Restricted stock awards are usually cheap to buy and incur long-term capital gains. Stock options are efficient if early exercised; otherwise they are taxed as regular income. Both restricted stock and options may also benefit from QSBS6. RSU’s are the least efficient because they are taxed before issuance. They may also have an AVG clause which means the number of shares vested reduces if the valuation increases.

Finally, this percentage is applied as a discount on the expected value to get the expected income:


Startups are a great way to build wealth if you’re willing to sweat the details and choose well. It’s important to choose one that you’re genuinely excited about.
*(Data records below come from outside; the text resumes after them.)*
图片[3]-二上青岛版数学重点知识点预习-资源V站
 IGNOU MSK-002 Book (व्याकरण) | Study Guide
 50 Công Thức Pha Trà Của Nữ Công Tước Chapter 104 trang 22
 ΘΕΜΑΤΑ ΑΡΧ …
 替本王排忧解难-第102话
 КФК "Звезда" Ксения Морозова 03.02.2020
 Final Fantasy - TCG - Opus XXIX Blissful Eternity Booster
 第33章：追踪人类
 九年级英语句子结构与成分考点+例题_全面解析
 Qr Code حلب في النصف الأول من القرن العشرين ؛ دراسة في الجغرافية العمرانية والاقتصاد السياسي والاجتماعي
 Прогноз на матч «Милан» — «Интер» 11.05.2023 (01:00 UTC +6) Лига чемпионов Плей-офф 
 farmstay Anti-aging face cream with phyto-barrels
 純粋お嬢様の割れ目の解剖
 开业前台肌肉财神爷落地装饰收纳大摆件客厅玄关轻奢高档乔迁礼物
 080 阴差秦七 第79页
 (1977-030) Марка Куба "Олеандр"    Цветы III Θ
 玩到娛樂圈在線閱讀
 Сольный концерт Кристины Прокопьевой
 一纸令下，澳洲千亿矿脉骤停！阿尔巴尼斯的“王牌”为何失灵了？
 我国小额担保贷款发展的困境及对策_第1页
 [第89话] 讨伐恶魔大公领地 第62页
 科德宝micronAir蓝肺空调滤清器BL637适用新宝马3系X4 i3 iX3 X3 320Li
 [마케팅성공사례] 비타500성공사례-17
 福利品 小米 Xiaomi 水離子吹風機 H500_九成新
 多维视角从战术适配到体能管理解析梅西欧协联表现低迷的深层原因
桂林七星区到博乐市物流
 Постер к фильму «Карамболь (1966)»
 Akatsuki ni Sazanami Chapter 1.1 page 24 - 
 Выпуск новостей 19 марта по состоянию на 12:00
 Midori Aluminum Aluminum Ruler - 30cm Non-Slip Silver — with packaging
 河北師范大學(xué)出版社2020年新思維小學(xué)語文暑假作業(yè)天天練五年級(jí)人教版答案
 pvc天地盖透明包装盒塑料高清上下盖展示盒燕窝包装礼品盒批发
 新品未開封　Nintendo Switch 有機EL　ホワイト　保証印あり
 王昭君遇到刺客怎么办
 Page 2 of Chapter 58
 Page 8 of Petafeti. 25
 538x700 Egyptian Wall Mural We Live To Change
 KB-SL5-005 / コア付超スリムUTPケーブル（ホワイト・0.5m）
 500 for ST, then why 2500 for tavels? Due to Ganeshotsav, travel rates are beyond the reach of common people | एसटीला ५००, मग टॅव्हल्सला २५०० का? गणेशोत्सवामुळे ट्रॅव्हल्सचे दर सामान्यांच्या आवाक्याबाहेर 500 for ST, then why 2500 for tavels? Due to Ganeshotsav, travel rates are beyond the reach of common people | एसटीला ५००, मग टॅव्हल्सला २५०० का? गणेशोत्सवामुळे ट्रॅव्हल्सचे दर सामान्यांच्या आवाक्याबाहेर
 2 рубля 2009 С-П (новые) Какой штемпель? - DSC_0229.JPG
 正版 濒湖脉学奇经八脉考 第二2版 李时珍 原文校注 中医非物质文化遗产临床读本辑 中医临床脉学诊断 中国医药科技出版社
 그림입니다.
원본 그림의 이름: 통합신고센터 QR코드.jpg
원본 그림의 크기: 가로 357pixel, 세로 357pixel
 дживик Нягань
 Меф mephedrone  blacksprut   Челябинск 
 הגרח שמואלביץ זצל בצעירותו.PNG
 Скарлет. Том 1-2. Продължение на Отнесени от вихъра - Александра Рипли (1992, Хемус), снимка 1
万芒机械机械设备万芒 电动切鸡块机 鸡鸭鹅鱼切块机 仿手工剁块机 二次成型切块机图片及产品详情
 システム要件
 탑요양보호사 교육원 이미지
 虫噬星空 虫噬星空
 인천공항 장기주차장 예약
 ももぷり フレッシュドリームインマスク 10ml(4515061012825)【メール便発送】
But if you find yourself having many to choose from, this framework can help you find the one that may have the best economic outcome.

Thanks to Dan Romero, Moh Almalkawi, Harj Taggar, Jesse Pollak, Charlie Harrington, Ryan Hoover and Nate Abbott for help with drafts.

  1. This is not the 409A valuation, which updates often but does a bad job of capturing a startup’s potential. See Squaring venture capital valuations with reality 

  2. See the Kelly criterion for a formal statement of this argument. 

  3. As of may ‘22, the top 5 biotech are J&J, Pfizer, Eli Lilly, Roche and AbbVie and the top 5 consumer tech are Apple, Microsoft, Google, Amazon and Tesla

  4. The assumption is that you will only be able to exercise a small portion of your equity. 

  5. Assuming that you were a California resident with $2.5M income, the effective long-term cap gains rate becomes 35% and the effective income rate is 50%. 

  6. QSBS is a moving target but might save you several million in taxes.